Top-rated companies tap into low money market rates as liquidity improves

Most highly rated companies are enjoying rate benefit of more than 150 basis points in their working capital raised from the market

money market
Anup Roy Mumbai
2 min read Last Updated : Nov 19 2019 | 12:54 AM IST
The working capital cost for India’s top-rated companies has fallen significantly since the IL&FS-induced credit crisis a year ago. 

They are now raising money very close to the overnight repo rate, as liquidity improves in the banking system to more than Rs 2.5-trillion surplus.
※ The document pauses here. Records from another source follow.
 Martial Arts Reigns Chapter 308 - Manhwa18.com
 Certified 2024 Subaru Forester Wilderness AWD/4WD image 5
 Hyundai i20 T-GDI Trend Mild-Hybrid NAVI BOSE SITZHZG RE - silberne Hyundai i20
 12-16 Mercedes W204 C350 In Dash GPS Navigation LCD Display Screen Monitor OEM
Rates on AAA-rated papers up to one year have fallen from 8.51 per cent on November 27, 2018, to 6.1 per cent now, much sharper than a 100 basis points fall in the 10-year bond yield. 
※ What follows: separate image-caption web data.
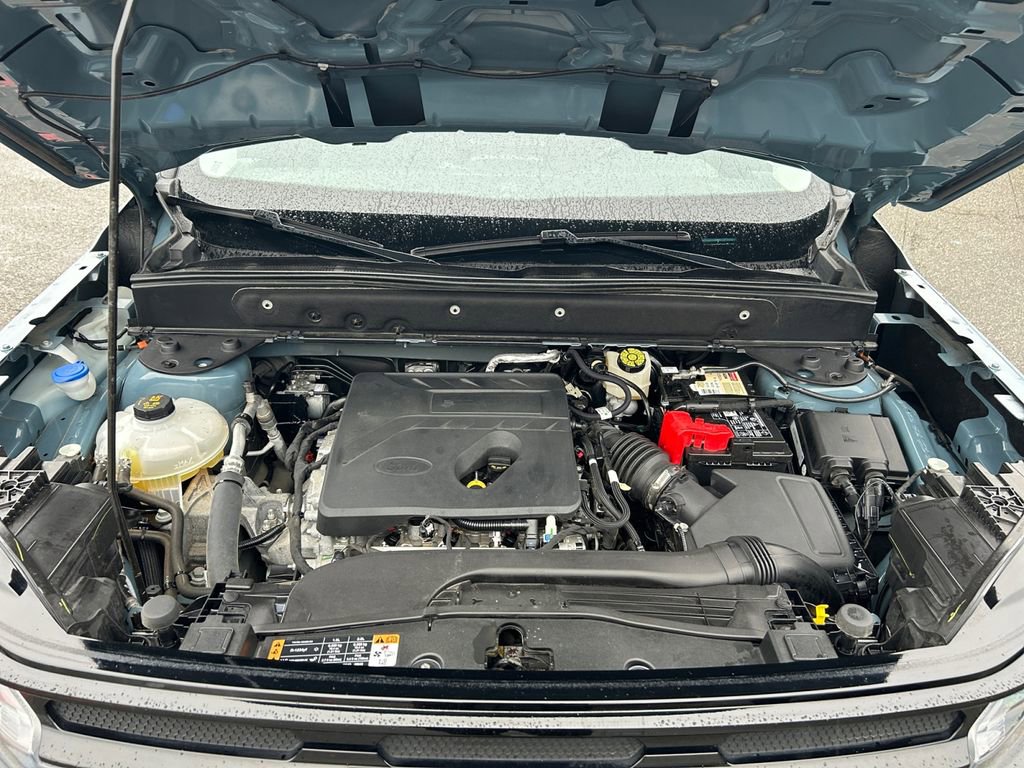 Used 2021 Ford Bronco Sport Outer Banks image 29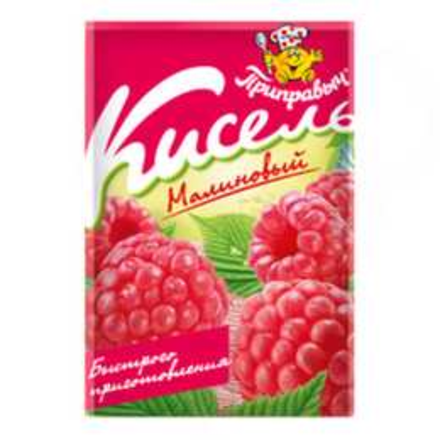 Кисель Приправыч малина 110 гр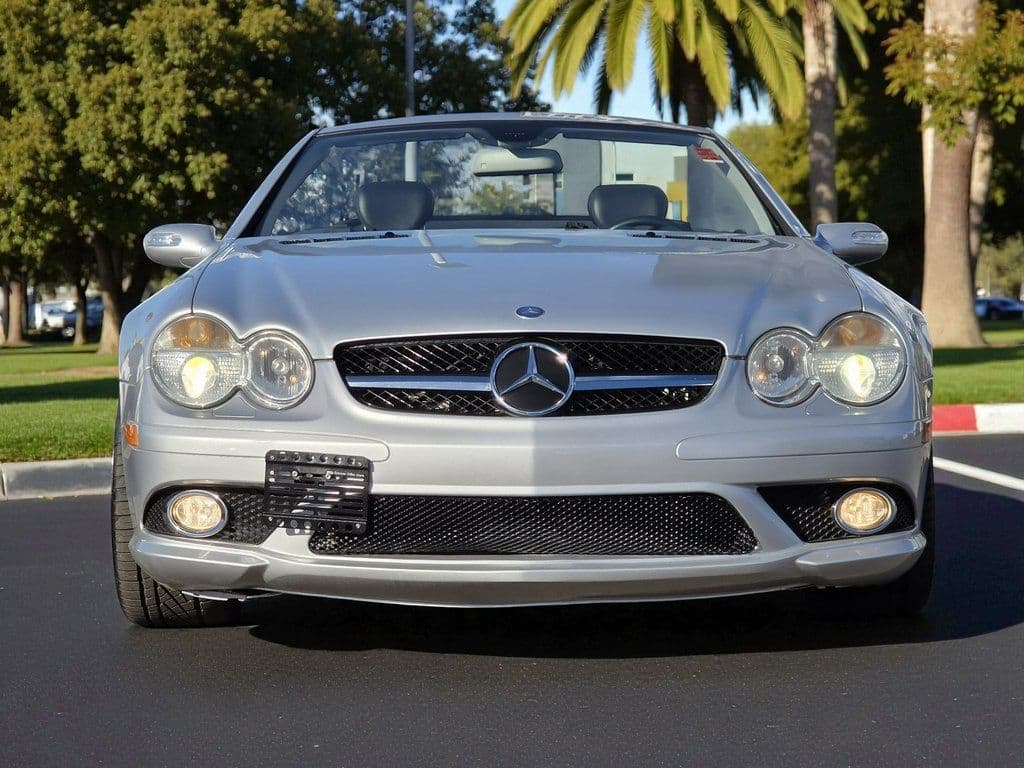2007 Mercedes-Benz SL-Class SL 550 - Photo 3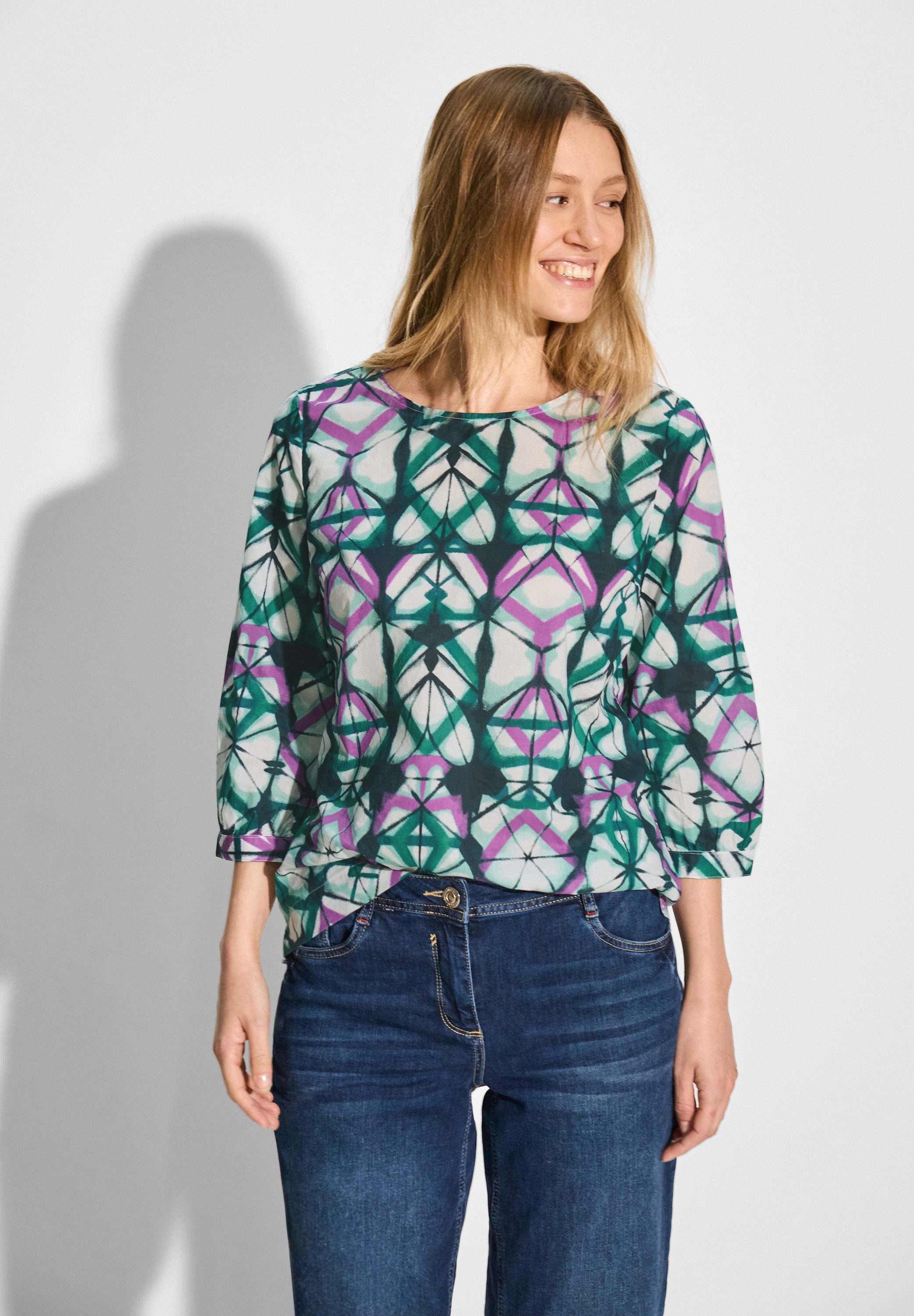 Shirtbluse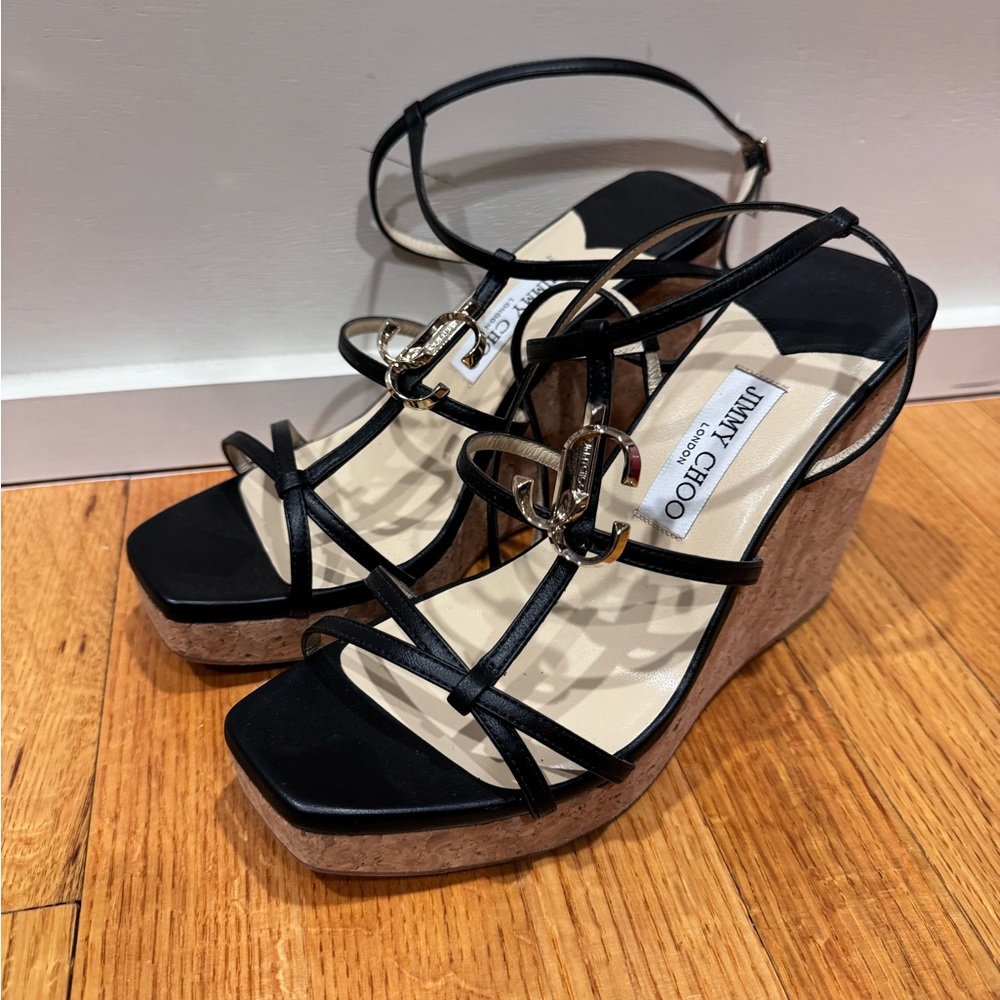 Jimmy Choo Wedges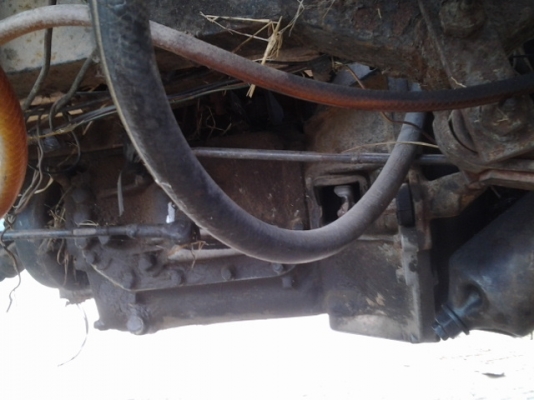 ขายอี่แต๋น 4 ล้อเครื่อง 85 พร้อมตู้สี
“On one hand there is this near assurance of easy monetary condition from the RBI (Reserve Bank of India), and sloshing banking system liquidity, on the other hand skewed preference of investors for safe haven and tepid supply of commercial papers (CP) have brought down money market yields considerably, although, for limited entities,” said Soumyajit Niyogi, associate director at India Ratings and Research. Most highly rated companies are enjoying rate benefits of more than 150 basis points in their working capital raised from the market. For example, Reliance Industries raised 41-day money in November 2018 at 7.68 per cent. In November this year, it had raised 117-day money at just 5.45 per cent. 

Similarly, Aditya Birla Finance raised 121-day money at 5.75 per cent, against 7.9 per cent for 32 days last year. 
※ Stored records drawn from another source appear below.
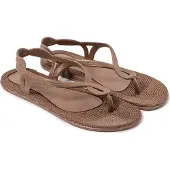 Brasileras Sandalias 'Antalya' marrón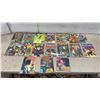 Image 1 : 17 Vintage Marvel, DC, and Atlas Comics Including Punisher 2099, House of Mystery
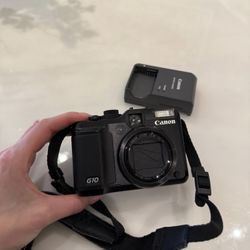 Canon G10
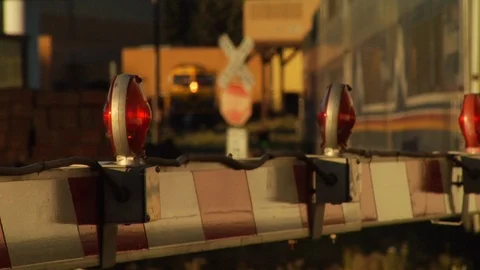 0114EW-Train Yard-Apple ProRes 422 Video stock 122254696
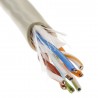 CABLE UTP CAT6 RIGIDO GRIS CU LSZH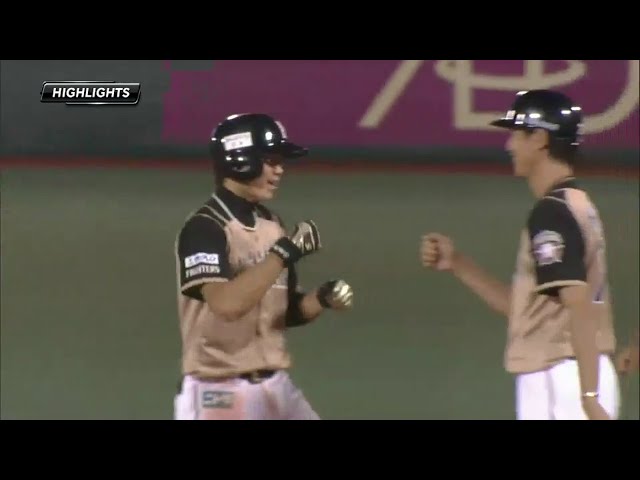 9/21 イーグルス対ファイターズ ハイライト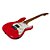 PRÉ-VENDA: Guitarra Elétrica JET Guitars JS-400 CRD Coral Red (400 Series) - Imagem 6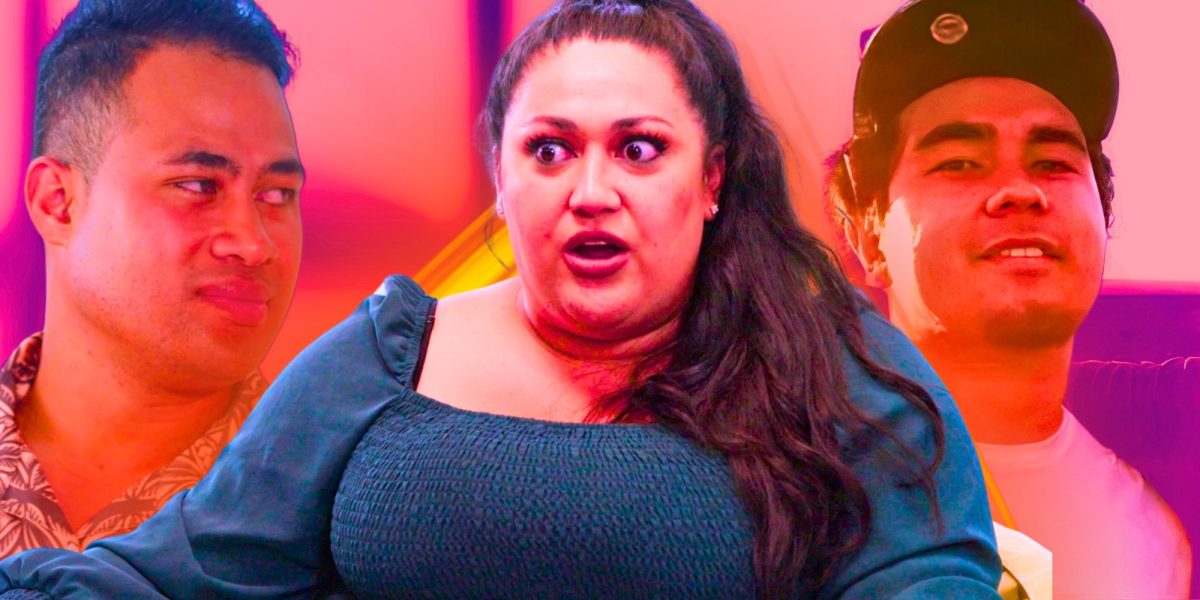 Kalani Faagata, prometido de 90 días, alcanza un hito significativo con su novio Dallas Nuez en medio de una impresionante pérdida de peso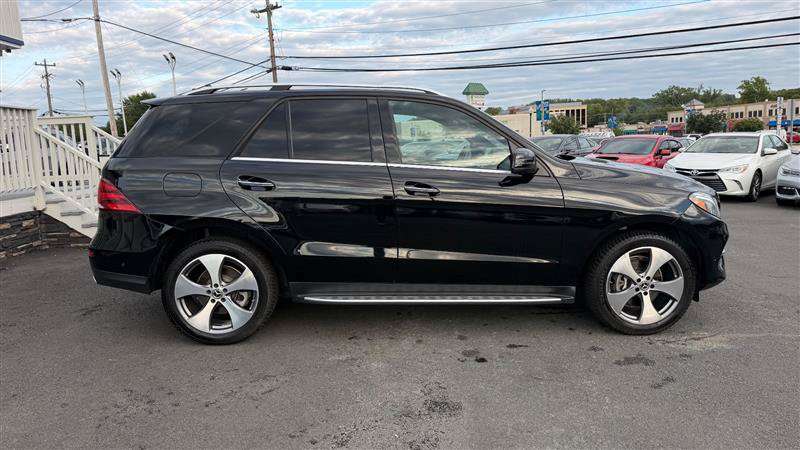 Used 2017 Mercedes-Benz GLE 350 4MATIC image 7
A year ago, the credit market nearly froze as IL&FS started defaulting from September, and governance concerns emerged in systematically important non-banking finance companies (NBFC). 

The bond market still gave money to good companies, but at a high rate. For average companies though, both the bond and credit market became inaccessible as lenders became risk averse. 

The situation has not improved much for lower rated companies though, but they have started getting access to the bond market. For example, a large NBFC raised 45-day loan at 9.5 per cent in November this year. The same company had raised 35 day money in November 2018 at 8.23 per cent. 

“Financing condition was always good for top rated companies. But for us, the situation has not improved much in the last one year,” said a senior executive with am NBFC. 

But the lower rates and increased issuance should bring back confidence in the market. 

“If the situation continues, risk aversion and excessive risk premium should normalise in the market,” said Niyogi.